Another issue is that these workers are often unaware of the existence of non-debit-card-like options from their employers. They also find that switching from one payment method to another can be difficult. Like so many other retail issues, this one can likely be mitigated through easier and more flexible systems and better associate training (so they understand their options better before they make those payroll choices).

There are only practical problems with the debit-card program. "Worried about drawing unwanted scrutiny that might threaten their jobs, some employees say they are reluctant to request another option," the NY Times story reported. "Other employees say that while there is a choice, they are automatically enrolled in the payroll-card programs."
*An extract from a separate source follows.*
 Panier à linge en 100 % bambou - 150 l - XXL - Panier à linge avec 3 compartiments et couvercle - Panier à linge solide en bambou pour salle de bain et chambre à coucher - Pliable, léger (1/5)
The senators, including Richard J. Durbin of Illinois, Charles E. Schumer of New York, Elizabeth Warren of Massachusetts and Joe Manchin III of West Virginia, asked the regulators to examine whether workers understood the fees associated with the cards. The lawmakers also asked the Consumer Financial Protection Bureau to make a systematic study of the fees, according to the letter.

Employees "should have the right not to use such a card and to instead receive their pay via a paper check or direct deposit," the letter said.